The Atlantic asked in a headline “not to be surprised when vaccinated people get infected”, as if it were absolutely common and to be expected that vaccines do not work.
CNN headlined, “Vaccination is not enough by itself to stop the spread of variants.” Others refer to the situation as “alarming.”
Other titles warn of increases in cases and neglect to mention that it only occurs among the population that has not been fully vaccinated.
The New York Post put it on its front page on Friday, “Why the panic?”
Of course, later, in the text content, they make more realistic statements or try to calm the tempers they themselves heated up. However, making a headline that seeks to put all the attention on the tiny number of infected people who have already been fully vaccinated is not only petty, but also offers people the opposite of what they need to know: the vaccine is highly effective, even against the different variants of COVID-19.
At this point in the pandemic, when the data indicate such effectiveness of the vaccines, which are also available to those who choose to take them and half the population has already done so, any restrictive measure is absurd.
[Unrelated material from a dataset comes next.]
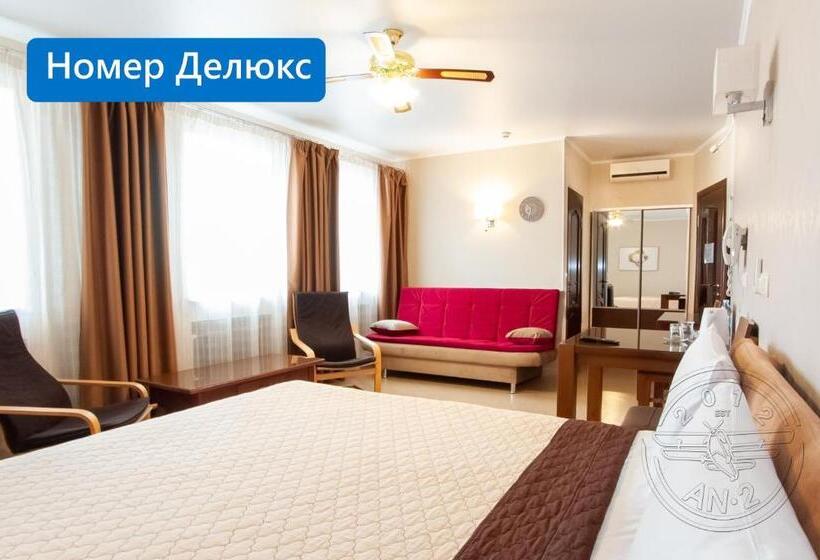 デラックスルーム, Antwo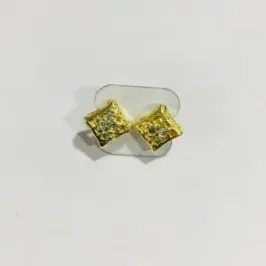 BRINCO QUADRADO PEDRA CHECA PEQUENO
This becomes especially relevant when it is indicated that the number of hospitalizations has been reduced by 62.1% since January thanks to vaccination, and that in the same period the overall infection rate has dropped by more than 70%.
Forcing vaccinated Americans to wear masks is almost like closing national parks to prevent poisonous snake bites, or banning cars because of the propensity to get into a traffic accident, or fencing off beaches to prevent drowning.
In any other circumstance, such a ban would be considered an abuse of power.